Het grote land

Onderstaande tekst heb ik geschreven voor een schrijfwedstrijd van de VPRO. Jonge schrijvers werden uitgenodigd om in 500 woorden te omschrijven waar ze naar toe zouden willen reizen. De winnaar krijgt een budget om die reis te maken, en om er een (kort) boek over te schrijven Een mooi initiatief en een fantastische kans natuurlijk! Hieronder mijn inzending: 

Het grote land
 

“I’ll be back” zeg ik met mijn meest stoere stem. Oom 1 t/m 3 kijken me lachend aan en ik zie mezelf door hun ogen. Een lang slungelig meisje met een bril, piekerig haar en een reusachtige felgekleurde trui. Ik ben 14 jaar en ik ben in Canada. Het land waar alles groot is. De vrachtwagens, de afstanden en Oom1, die boven me uittorent wanneer hij ons ophaalt van het vliegveld. Ik verdwijn in zijn reusachtige Canadian hug

We rijden urenlang langs houten huizen met veranda’s. Hectares bos schieten langs het raam. Licht lekt langzaam uit de hemel. “Dit is het huis van de buren”, zegt oom opeens. Ik kijk reikhalzend om me heen, op zoek naar zíjn huis. Na nog een half uur rijden komen we daar aan. Het is inmiddels pikdonker. Boven ons hoofd glinsteren duizenden sterren. In de verte hoor ik een keffend gehuil. “Coyotes”, zegt mijn oom schouderophalend. “Daarom mogen de katten ’s nachts niet naar buiten. Dan worden ze maar opgevroten.” Ik slik en loop achter hem aan. 

De komende drie weken zwerf ik langs de drie huizen van mijn ooms. De ooms van verweg, die ik nooit zie. Behalve als er een begrafenis is. Ik brabbel mijn beste highschool Engels, geniet van de uitgestrekte natuur en probeer mijn nichtjes Nederlands te leren. Biggetje is hun favoriete woord. Ik sluit vriendschap met de honden van oom1, de kinderen van oom2 en de vrouw van oom3. Ik teken al mijn schetsboeken vol. Ik praat met alle ooms. Ontzagwekkend groot en dichtbij zijn ze. Aan het eind van de snel voorbijvliegende reis vieren met zijn allen mijn  verjaardag. “I’ll be back” zeg ik plechtig.

I’ll be back schrijf ik nu op mijn laptop. Ik ben 28. Een lange vrouw met bril, een piekerige haardos en een grote kleurige sjaal. Ik ben nooit teruggegaan naar het Grote Land. Ik zie mijn ooms soms op een begrafenis. Maar mijn tantes en nichtjes zie ik nooit.

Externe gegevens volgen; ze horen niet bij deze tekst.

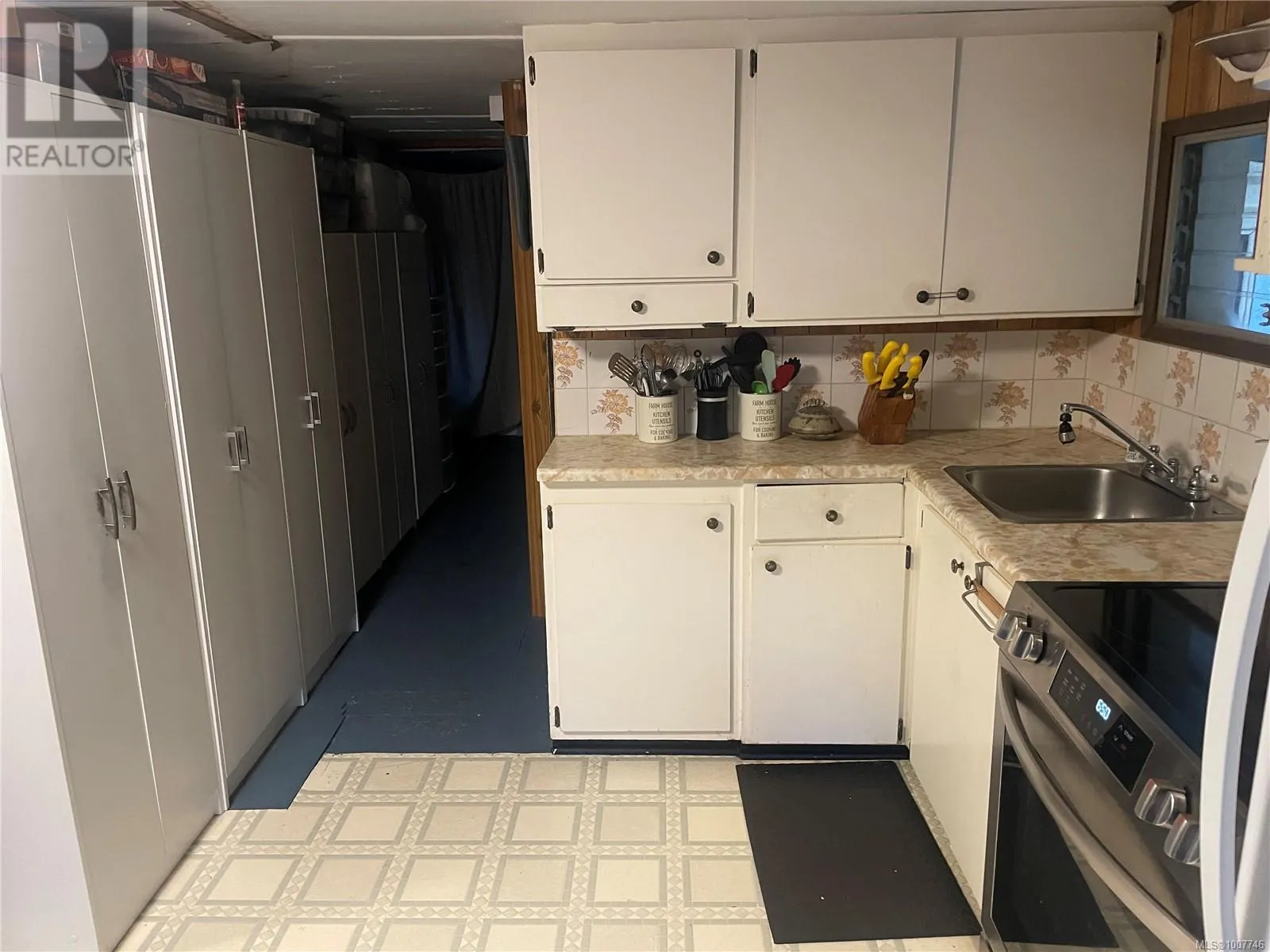 247 Huson Rd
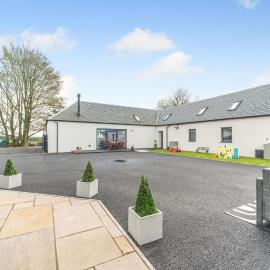 5 Bed in Galston oc-s33451, hotel a Galston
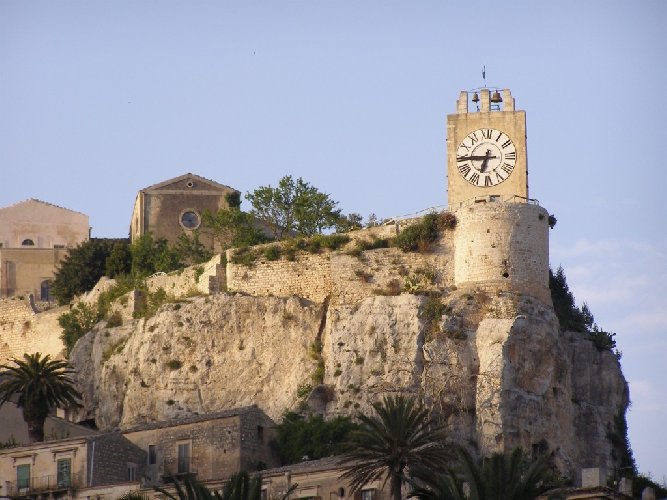 Modica, restyling per il Castello dei Conti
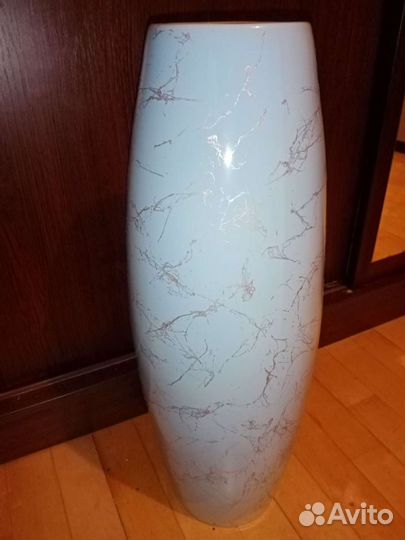 Ваза для цветов большая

Mijn opa en oma emigreerden nog voor mijn geboorte naar Canada. Ze namen twee volwassen zoons en één puberzoon met hen mee. Mijn grootouders kwamen abrupt terug in mijn leven toen ik acht was. Opa overleed bijna meteen. Oma bleef de paar jaar die ze nog leefde een vreemde voor me. Ze was uitgegroeid tot mythische proporties, maar bleek ontstellend klein. Oom 1-3 maakten van Canada hun nieuwe thuisland. In hun huizen woont een onbekend stuk familiegeschiedenis. Mijn enige nichtjes van mijn leeftijd wonen daar. Ik heb ze zien trouwen en kinderen zien krijgen. Maar alleen op Facebook. 

Elk jaar dat ik ouder wordt, besef ik hoe belangrijk familie voor me is. Zij vormen mijn wortels, mijn oorsprong. En ik vind het een groot gemis dat ik een deel daarvan niet ken. Daarom wil ik terug naar Canada. Om in de voetsporen van mijn 14jarige zelf te treden. Net als toen, met een schetsblok. Maar nu ook met een schrijfblok. Ik wil het Grote Land doorkruisen, mijn wortels herontdekken en de reis vastleggen in taal en tekening.